Los filósofos medievales, ellos sí, debatieron el problema planteado en la tradición aristotélica por la pluralidad de las formas. La escolástica del siglo XIII -Santo Tomás, Pecham, Middleton- interrogó la diversidad de las formas, preguntándose si hay distintas clases de formas organizadas jerárquicamente, si conviene distinguir entre las accidentales y las sustanciales, las racionales y las corporales, las inherentes y las puras (o separadas), etc. Al aristotelismo se remontan también las discusiones en torno al «principio de individuación», principium individuatonis -lo que explica que algo sea un ente individual-, desde el origen de la singularidad de las cosas. Pero no es éste el camino que quiero evocar en estas páginas, ya que el seguido por la teoría literaria ha sido otro, tras una bifurcación, según acabamos de ver, que se remonta a la Poética misma de Aristóteles.
Cuando la Poética vuelve a leerse y a comentarse en Europa durante el siglo XVI, conviene siempre saber desde qué premisas -aristotélicas o no- se interpreta el texto de Aristóteles. La superabundancia de descubrimientos y de orientaciones, el eclecticismo y el sincretismo son rasgos muy propios de aquella pletórica etapa cultural que llamamos el Renacimiento. Bernard Weinberg ha mostrado en cuántos casos una definición aristotélica se coloca en un contexto —32→ retórico, horaciano o neoplatónico. Así, la cuestión de la forma se plantea una y otra vez, pero con resultados diversos, confusos o encontrados.
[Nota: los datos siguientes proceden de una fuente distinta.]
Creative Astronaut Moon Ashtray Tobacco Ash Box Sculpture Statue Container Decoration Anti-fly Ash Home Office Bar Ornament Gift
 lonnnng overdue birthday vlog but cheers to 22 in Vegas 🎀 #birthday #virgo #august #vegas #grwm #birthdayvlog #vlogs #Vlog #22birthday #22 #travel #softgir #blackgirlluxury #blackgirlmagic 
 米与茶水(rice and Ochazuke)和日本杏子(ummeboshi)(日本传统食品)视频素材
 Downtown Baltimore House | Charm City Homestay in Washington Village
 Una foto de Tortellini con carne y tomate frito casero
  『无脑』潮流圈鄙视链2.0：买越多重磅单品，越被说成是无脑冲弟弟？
El primer gran comentario de la Poética, el de F. Robortello (1548), se doblega ya a los propósitos retóricos y horacianos, al intento de producir ciertos efectos -útiles o placenteros- en cierto público26. Otros comentaristas, ante el tema de la forma, apelarán a sus conocimientos y esquemas escolásticos, llegando a conclusiones curiosas: para A. Lionardi (1554), que reduce a tres las consabidas cuatro causas, «nella forma che è l'eloquenza, nella materia, che è la cosa proposta, e nel fine, che è l'uditore, consiste ogni orazione e parlamento»27; y para L. Salviati (1564), la causa formal es «l'invenzione»28. Asimismo se abre camino un preformismo de inspiración neoplatónica. El poeta imita o reproduce un molde formal previo, que es más bien como un modelo o una «idea». Así, por ejemplo, en la glosa horaciana, con ribetes aristotélicos, de F. Pedemonte, que es de 154629; y sobre todo en los tratados del Tasso. De los Discorsi del poema eroico (1594) del ya famoso poeta dice Weinberg que ocultan «a hidden Platonism, to the extent to which he sees behind every poem or every part of a poem an Idea which the poet seeks to imitate through the happy combination of matter and form»30. Pasando a otras actitudes, no es de sorprender que algunos confundan el principio formal con la versificación, como Francesco Patrizi (1586) e incluso Castelvetro en cierto pasaje de su gran comentario (1570)31; y hasta que unos tratadistas propongan, desde una fina intuición aristotélica, que la favola puede identificarse con la forma. «La favola..., forma e anima e fine del altre parti»32, define A. Segni en su defensa de la poesía y de Petrarca (defensa de tipo más bien platónico), en 1581; «la favola, che è la parte sostanziale e quasi la forma e l'anima del poema»33, según D. Atanagi (1559); y con análogos términos se explica F. Buonamici hacia fines de siglo (1597)34.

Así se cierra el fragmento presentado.